Drammatico, 95′. Italia 2020
Maria Serra ha un buco in testa: una zona oscura che condiziona tutta la sua vita, ferma al giorno in cui suo padre è stato ucciso. Mario Serra era un vicebrigadiere che il 14 maggio 1977 è rimasto a terra dopo essere stato colpito a morte da Guido Mandelli, attivista di Autonomia Operaia. Ora Maria vive a Torre del Greco con la madre Alba che non parla praticamente più, e sopravvive fra lavoretti precari e frequentazioni con alcuni maschi locali: un poliziotto, un insegnante, un ladruncolo di strada. Finché la sua psicologa la incoraggia ad incontrare a Milano l’assassino di suo padre, uscito di galera dopo aver scontato la sua pena. E Maria è intenzionata ad andare a quell’incontro con una pistola al fianco.
Non è semplice in linea generale avere una vita serena e felice. Lo è ancora meno se vivi nel sud Italia, ti ritrovi orfano di padre fin da neonato e tua madre si chiude in una sorta di mutismo assoluto come risposta al dolore.
“Il buco in testa” di Antonio Capuano, presentato fuori concorso al Torino Film Festival 2020, è ad oggi una delle più interessanti e piacevoli sorprese della kermesse. Ispirata a fatti realmente accaduti, è un’intensa storia di rabbiosa solitudine al femminile, magistralmente interpretata da Teresa Saponangelo.
La sua Maria è una donna indipendente, forte ma allo stesso tempo fragile, consapevole dei limiti che non avere mai conosciuto il padre (poliziotto caduto in servizio durante una manifestazione) le ha lasciato in dote. Come avere “un buco in testa“.
Il film si muove su due binari narrativi che si alternano per poi riunirsi nel finale. Nel primo lo spettatore osserva Maria nella sua vita di tutti i giorni, a Torre del Greco, mentre si relaziona con alcuni maschi locali: un poliziotto, un insegnante, un ladruncolo di strada. Il suo sogno sarebbe quello di fare l’insegnante ma per mantenersi è costretta a fare l’operatore ecologico.

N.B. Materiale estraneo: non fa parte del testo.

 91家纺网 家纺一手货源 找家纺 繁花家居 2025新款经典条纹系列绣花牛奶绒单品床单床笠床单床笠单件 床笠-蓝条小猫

Nel secondo c’è un netto stacco. Sembra essere passato del tempo, ci troviamo a Milano. Maria ha cambiato taglio di capelli e colore, da neri adesso sono rossi. La rincontriamo titubante, indecisa se presentarsi o meno a un appuntamento, che scopriamo essere con l’assassino di suo padre, rimesso in libertà dopo aver scontato la sua pena.
“Il buio in testa” è un film lineare, semplice nella sua struttura narrativa. Nonostante alcuni limiti, risulta incalzante e coinvolgente, capace di trasmettere chiari sentimenti e sensazioni allo spettatore.
Teresa Saponangelo si cala perfettamente nel personaggio di Maria dandole consistenza, umanità e soprattutto fisicità e voce per urlare un’infelicità repressa quanto devastante. L’incontro con l’assassino del padre è teso, vibrante ma anche frustante agli occhi di una figlia che non riesce a comprendere come gli ideali di giustizia sociale le abbiano tolto il padre.
La scelta di evitare un – comodo – finale salvifico o assolutorio, optando invece per un’amara quanto consapevole accettazione da parte di Maria è coerente con quanto visto fino a quel momento. E alla fine vorremmo solo essere lì con lei, per poterla abbracciare.